Assuming an El Niño weather pattern is in full swing by early 2023, which is currently the outlook, grazing conditions should improve for much of cow-calf country. Couple that with the optimistic market forecast, and the cowherd would likely begin its rebuilding phase into the middle of the decade.

It is recommended for those that have available feed and grazing resources to start preparing to capitalize on the next significant move in cattle prices, since almost all factors are pointing to a higher trending market. This may come as early as 2022. Expanding the herd to maximum capacity is one strategy to set an operation up to generate the most revenue. Because of the swift liquidation, female prices have yet to experience much of an increase relative to the past couple of years.
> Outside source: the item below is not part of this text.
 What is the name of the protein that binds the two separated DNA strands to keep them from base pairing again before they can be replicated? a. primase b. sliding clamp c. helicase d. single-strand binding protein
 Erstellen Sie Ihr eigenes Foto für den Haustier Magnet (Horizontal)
Once the drought-stricken areas get some muchneeded moisture to restock and calf prices improve, the female market could get lofty in a hurry. If an operation does have the capability to add more cows, it is important to make sure the cows will work and be productive in their new environment.

While the long-term market trend is higher for all classes of cattle, encouraging operations to expand, producers must also understand the other side of the profit equation. Hay prices have not only risen in dry regions over the past year, but across the country as well and should remain elevated for the foreseeable future. Because of the inflationary pressures, other inputs have been and are expected to continue to be more expensive. Labor challenges are impacting all industries with no quick fix on the horizon. All these factors need to be considered when deciding whether to increase the cowherd.

Because Mother Nature dealt a bad hand to many producers that could drag on longer, several data sets are supporting that the liquidation phase of the current cattle cycle will continue through 2022. However, this will allow cattle supplies to become more balanced with current slaughter capacity levels, causing cattle prices to trend higher as more consumer dollars flow back to the cow-calf segment. While the cost to run cows will increase, the stronger prices, longer-term, should more than offset the higher expenses. Still, producers need to thoroughly evaluate their operation and develop a plan that will position them for success both in the short and long term.